» PROBLEM DETAILS
The lines to retype run from the one containing "Image similar to" through the end of the listing below. Reproduce them exactly, leaving out pictures.

_ _ _

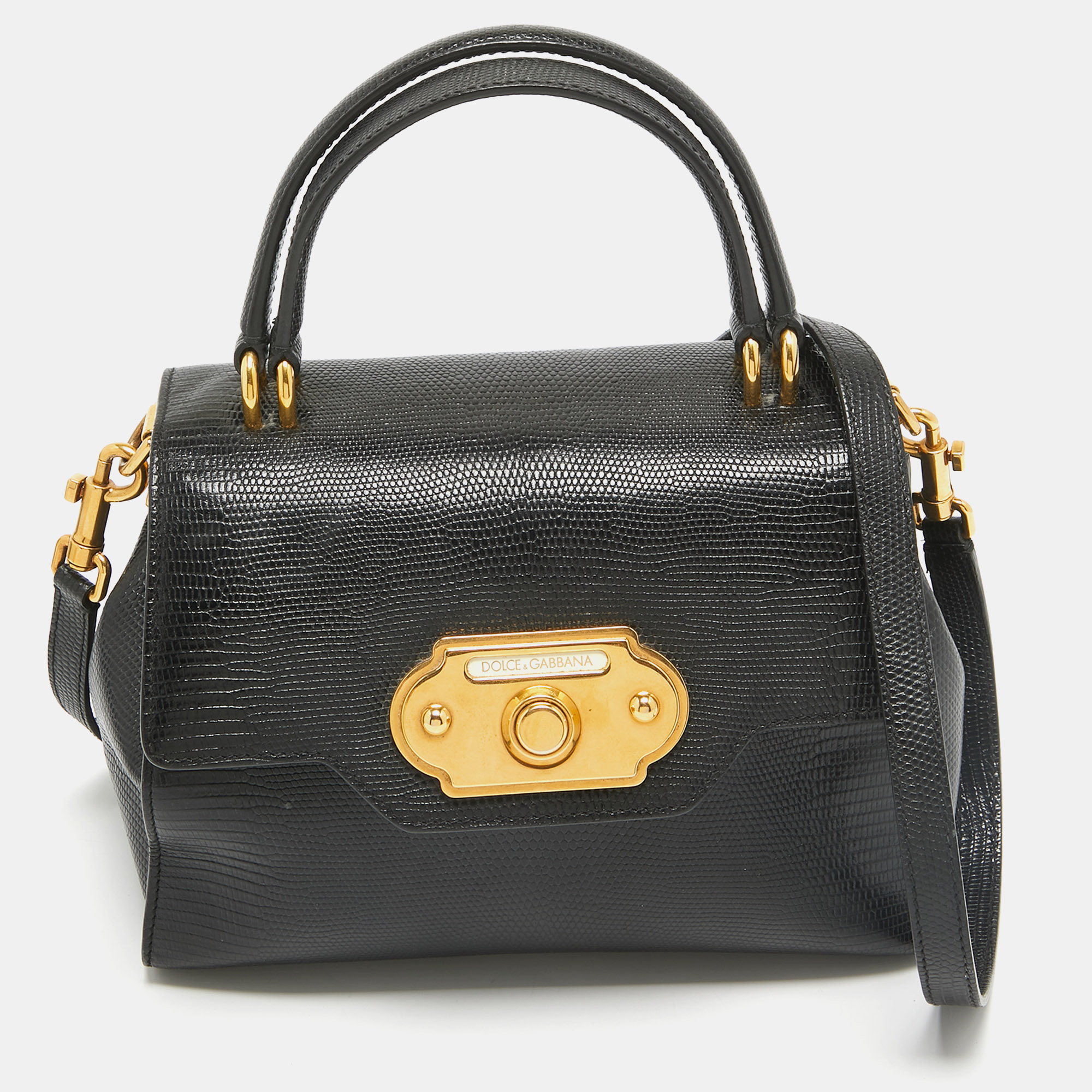 

Dolce & Gabbana Black Lizard Embossed Leather Welcome Top Handle Bag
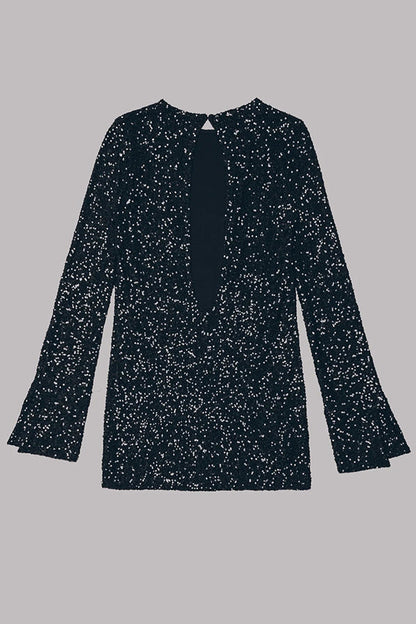 Sequin Long Sleeve Slit Cuff Crew Neck Mini Dress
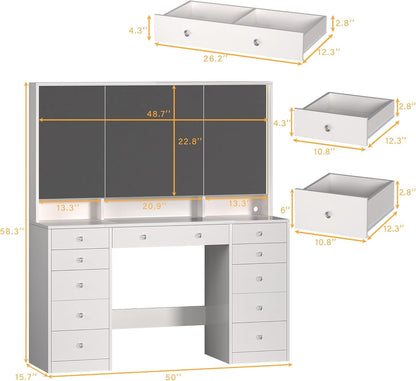 Vanity Desk with Mirror and Lights, 50" Makeup Vanity with Glass Top & Power Outlet, White Vanity with 11 Drawers & 8 Hidden Storage Shelves, 3 LED Lighting Modes Adjustable for Bedroom
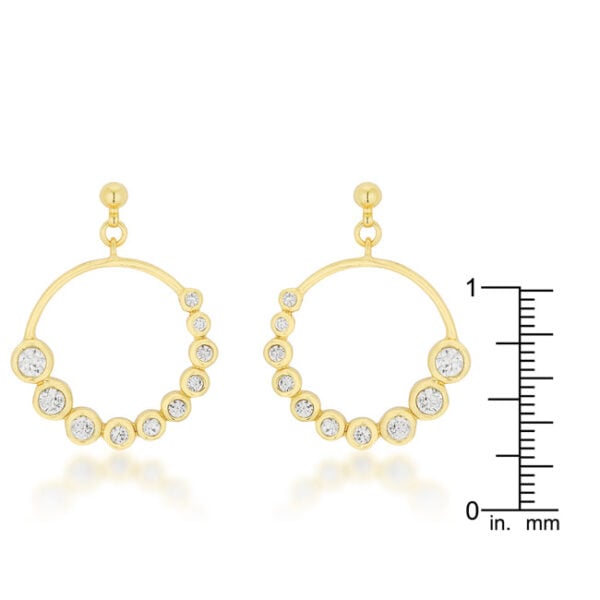 Graduated circle stud earrings with round cubic zirconia, butterfly (post) backings, and a silver tone over lead free alloy (brass) finish.
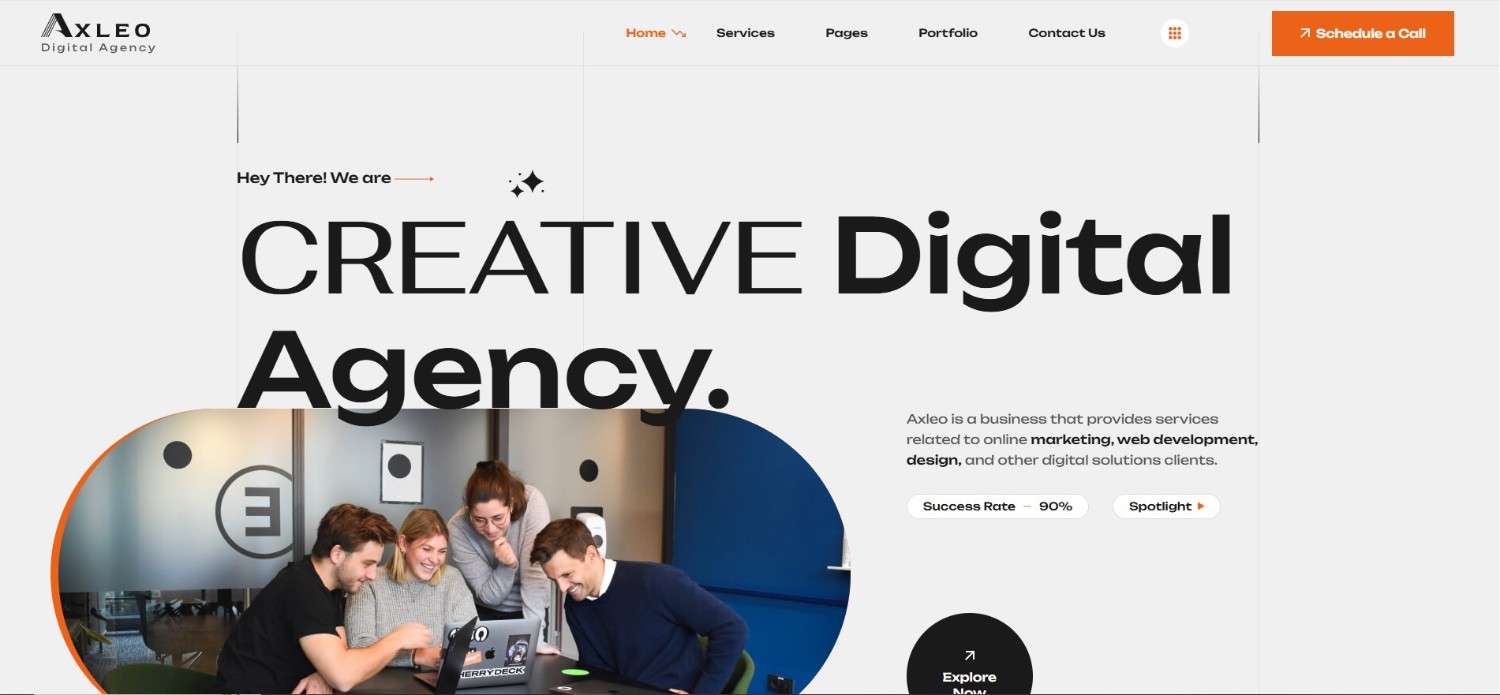Axleo digital agency WordPress themes with sleek portfolio layout and SEO friendly website design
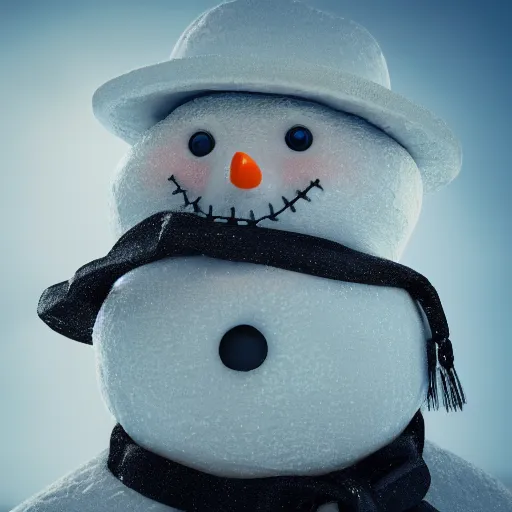 Image similar to a highly detailed humanoid snowman in business suit with black eyes and mouth, no nose, hyperrealism, professional, octane render, digital art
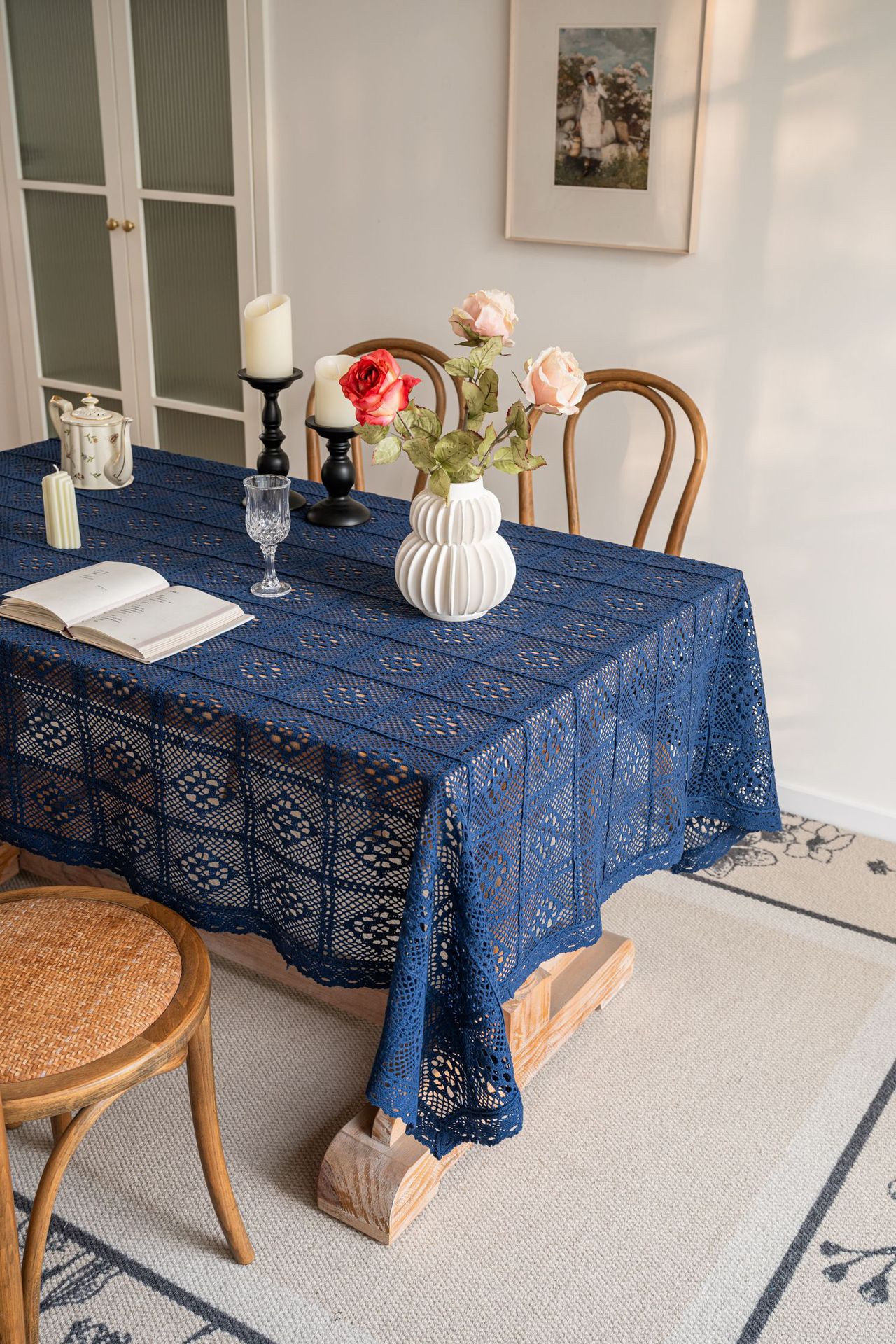 Cross-border hollowed-out hidden deep blue tablecloth, retro crochet photo art book, personalized cotton thread woven tablecloth cover pic 20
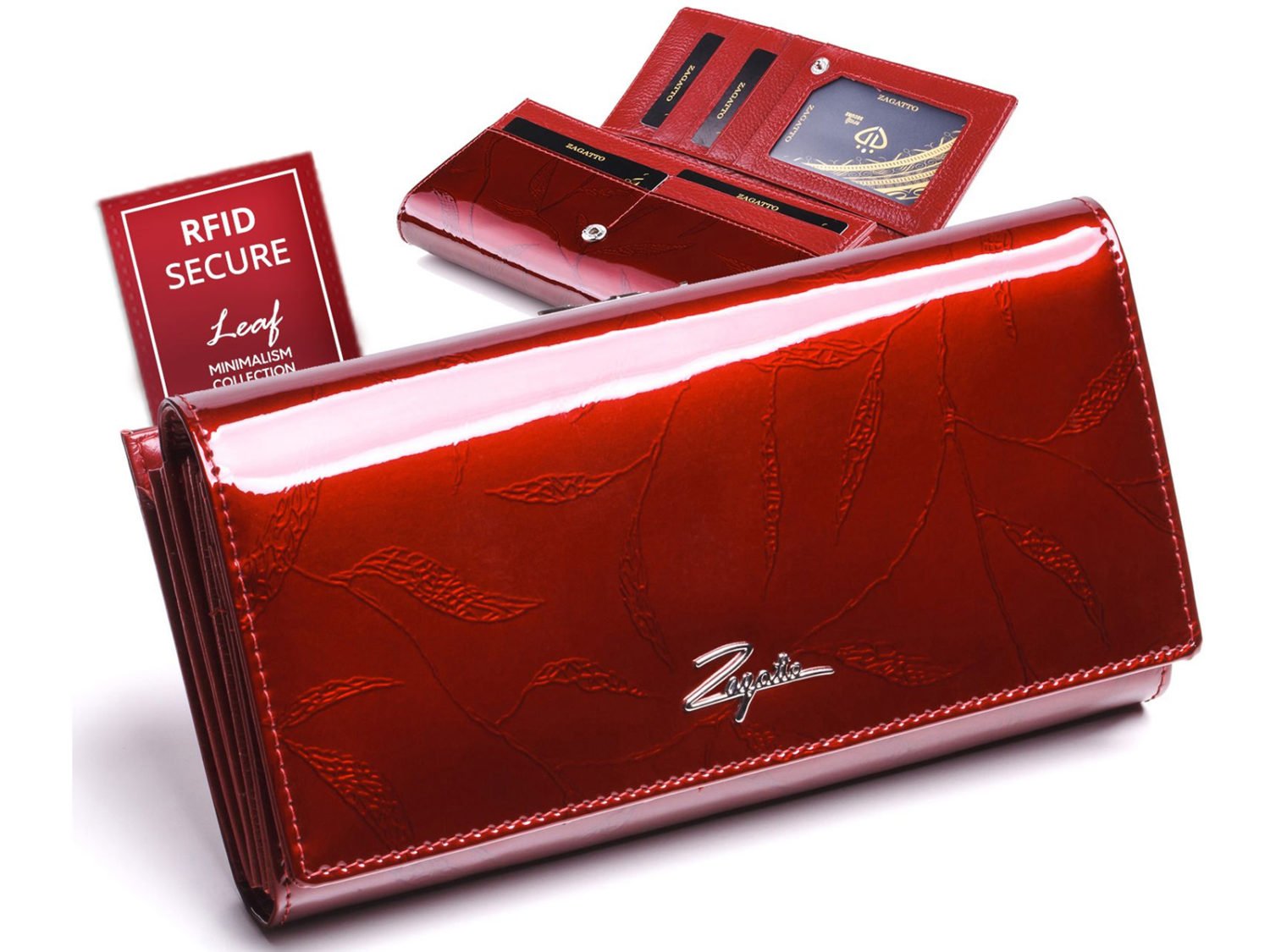 czerwony duży lakierowany portfel damski zagatto ZG-150-LEAF RED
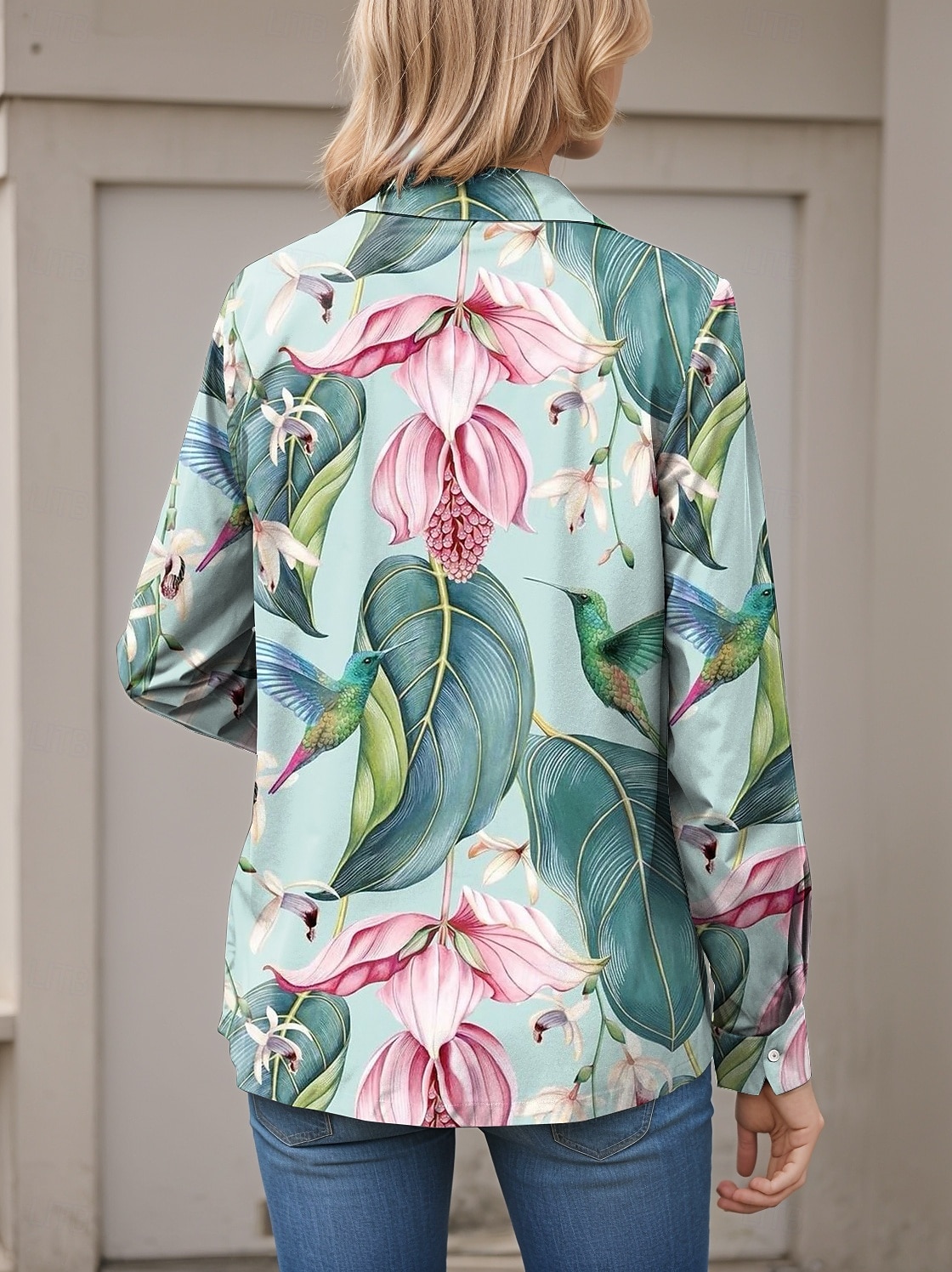 Per donna Camicia Floreale Casual Manica Lunga Colletto a Camicia Top Regolari Lavoro Quotidiano Bottoni Stampato Verde Primavera Autunno Inverno del 2025 a $32.99 –P2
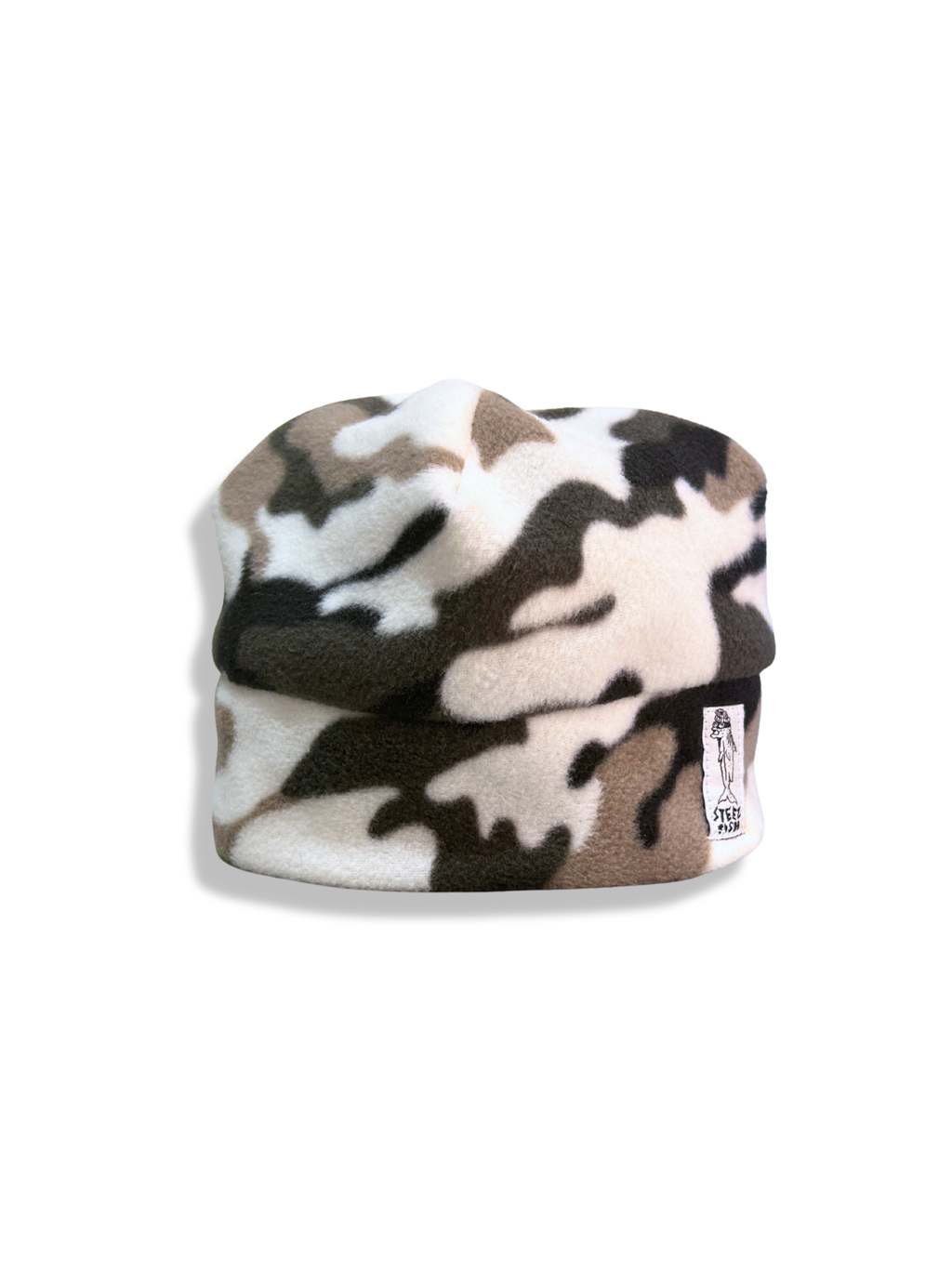 White and black Camouflage-patterned skull cap beanie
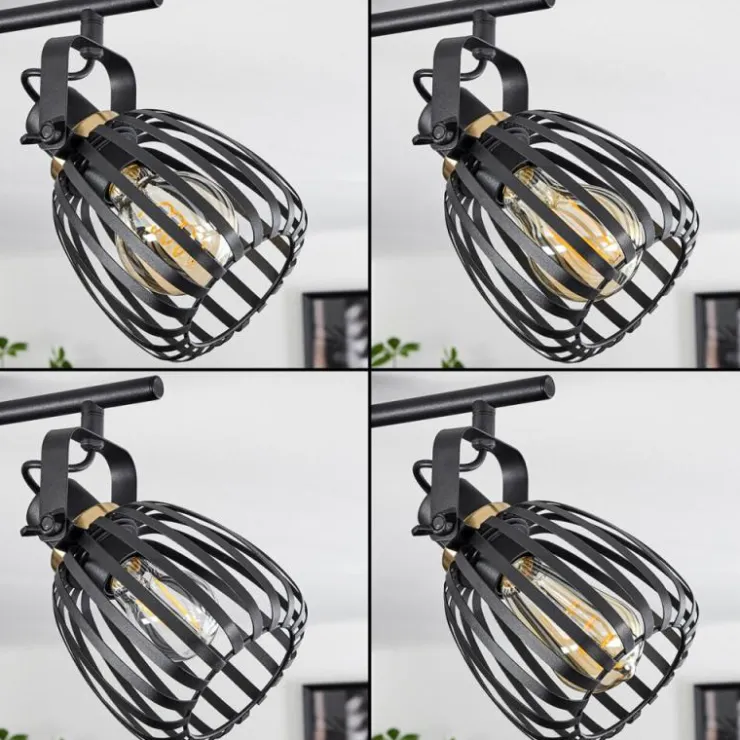 hofstein Spots Et Projecteurs|Plafonnier Pocho Laiton, Noir, 2 lumières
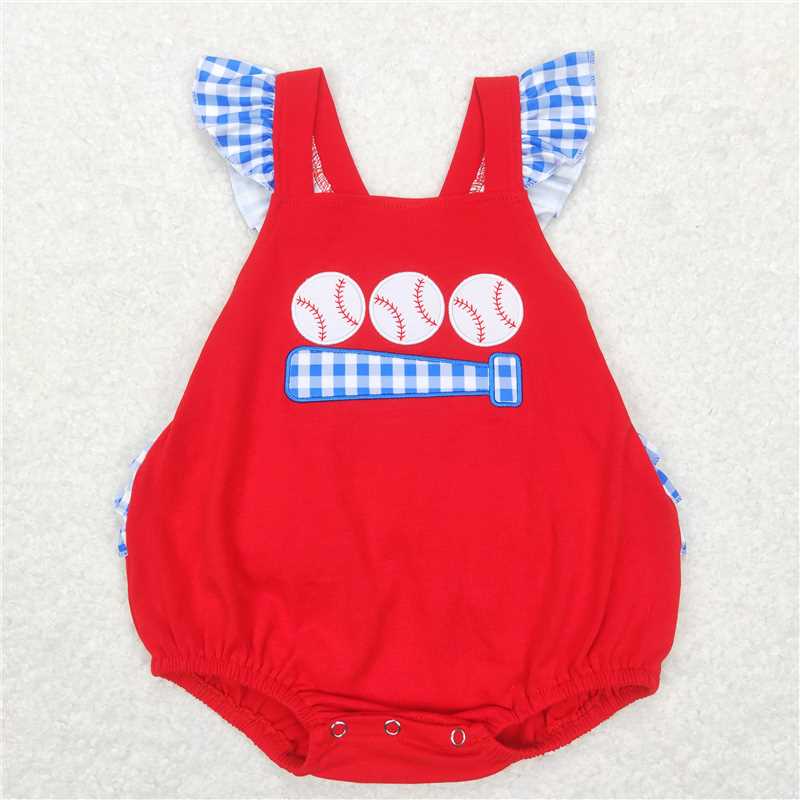 RTS Embroidery Baseball Red Short Sleeve Blue Plaid Shorts Set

_ _ _

» PROBLEM SOLUTION
 Image similar to a highly detailed humanoid snowman in business suit with black eyes and mouth, no nose, hyperrealism, professional, octane render, digital art
 Cross-border hollowed-out hidden deep blue tablecloth, retro crochet photo art book, personalized cotton thread woven tablecloth cover pic 20
 czerwony duży lakierowany portfel damski zagatto ZG-150-LEAF RED
 Per donna Camicia Floreale Casual Manica Lunga Colletto a Camicia Top Regolari Lavoro Quotidiano Bottoni Stampato Verde Primavera Autunno Inverno del 2025 a $32.99 –P2
 White and black Camouflage-patterned skull cap beanie
 hofstein Spots Et Projecteurs|Plafonnier Pocho Laiton, Noir, 2 lumières
 RTS Embroidery Baseball Red Short Sleeve Blue Plaid Shorts Set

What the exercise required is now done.